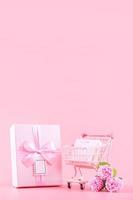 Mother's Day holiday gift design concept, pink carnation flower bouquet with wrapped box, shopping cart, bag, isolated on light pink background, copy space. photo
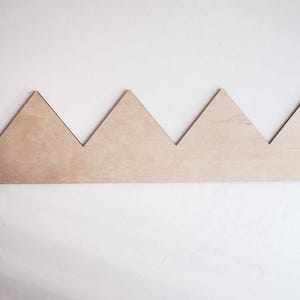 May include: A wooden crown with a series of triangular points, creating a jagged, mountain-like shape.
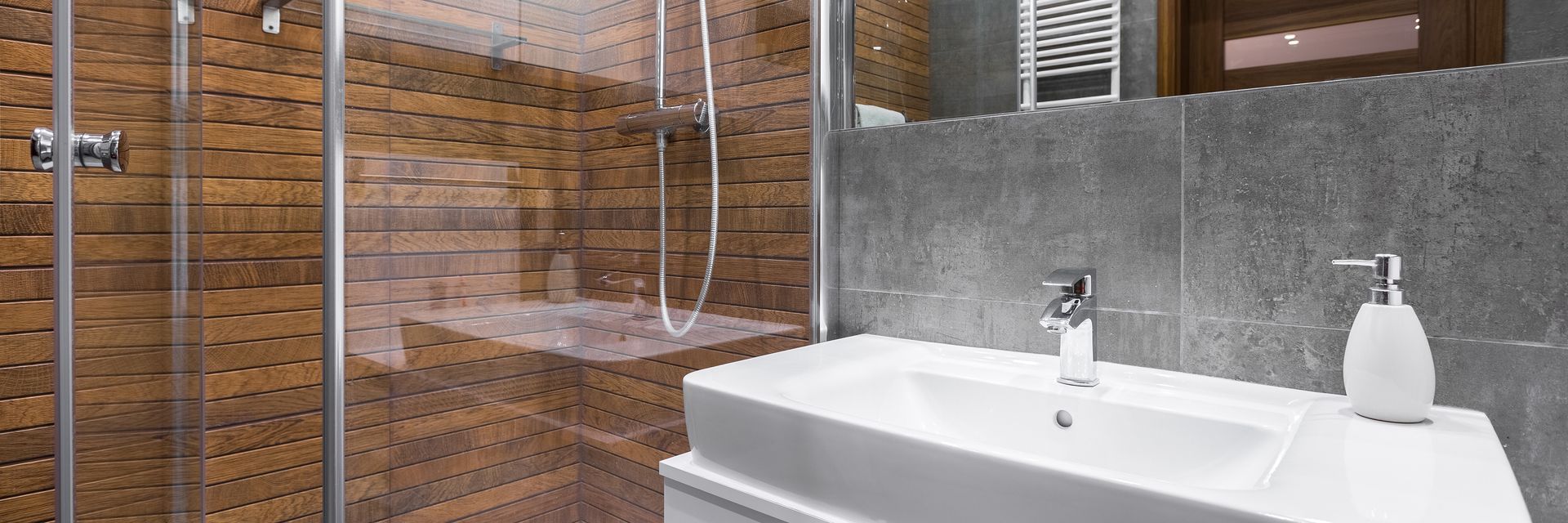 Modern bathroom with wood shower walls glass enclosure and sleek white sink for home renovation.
● ● ● ● ● ● ●
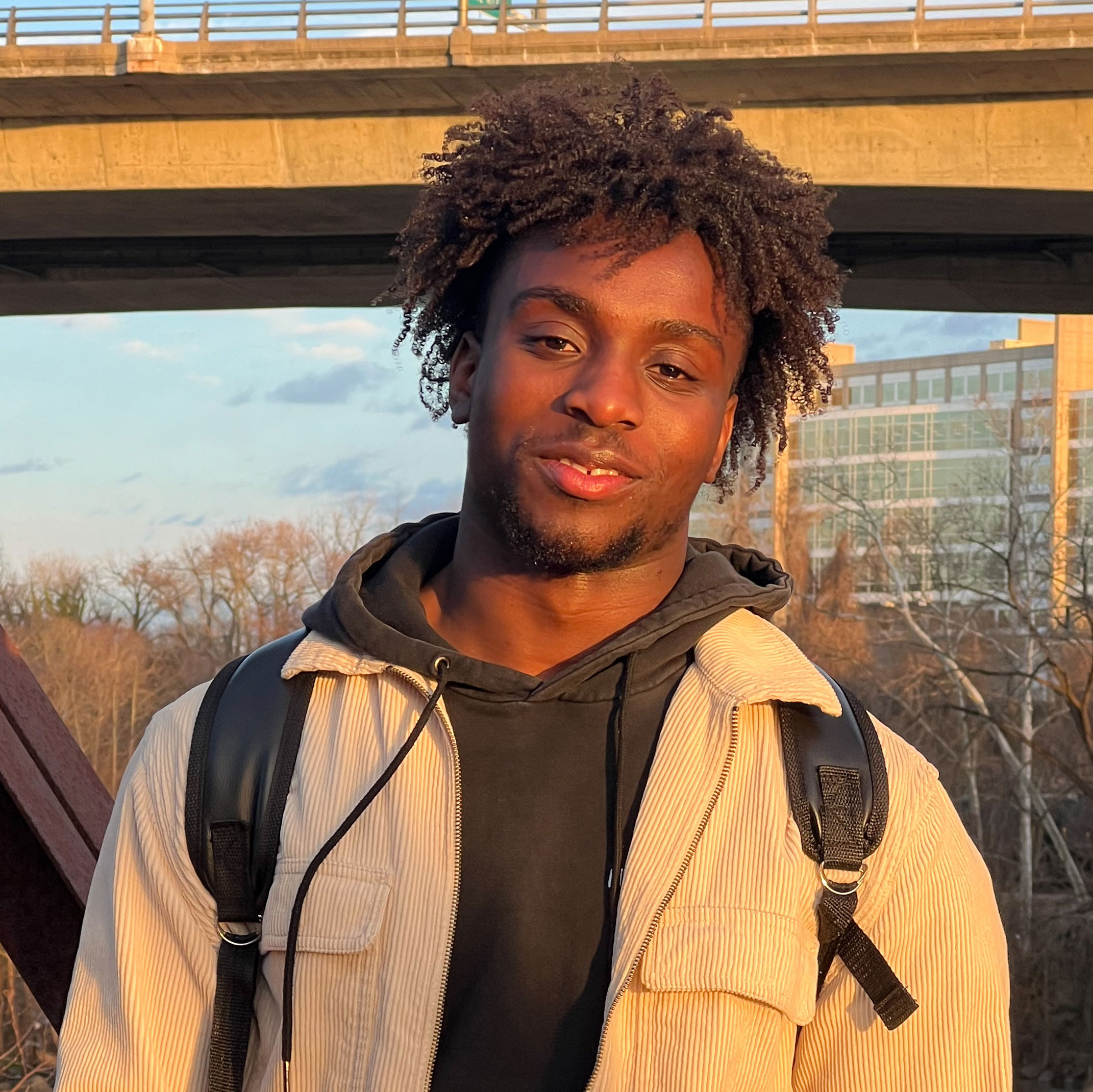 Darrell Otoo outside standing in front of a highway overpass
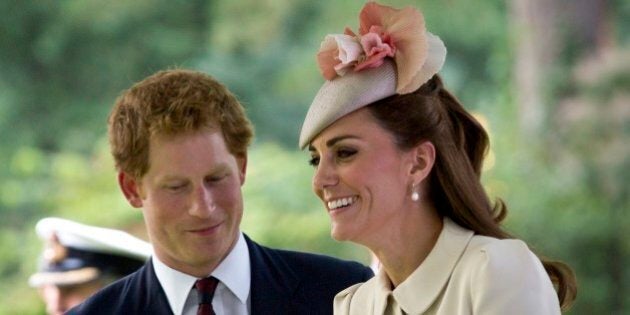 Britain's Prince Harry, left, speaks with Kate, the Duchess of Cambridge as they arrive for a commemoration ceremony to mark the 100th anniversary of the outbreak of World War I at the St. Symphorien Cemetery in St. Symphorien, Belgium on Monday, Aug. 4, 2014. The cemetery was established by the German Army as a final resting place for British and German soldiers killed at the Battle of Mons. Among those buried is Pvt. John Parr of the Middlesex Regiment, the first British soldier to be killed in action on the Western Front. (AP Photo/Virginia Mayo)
● ● ● ● ● ● ●
### PROBLEM
Beginning at the line above that contains "Mother's Day holiday", repeat each line exactly through the one that contains "Modern bathroom with", and leave out the pictures.

### EXERCISE SOLUTION
 Mother's Day holiday gift design concept, pink carnation flower bouquet with wrapped box, shopping cart, bag, isolated on light pink background, copy space. photo
 May include: A wooden crown with a series of triangular points, creating a jagged, mountain-like shape.
 Modern bathroom with wood shower walls glass enclosure and sleek white sink for home renovation.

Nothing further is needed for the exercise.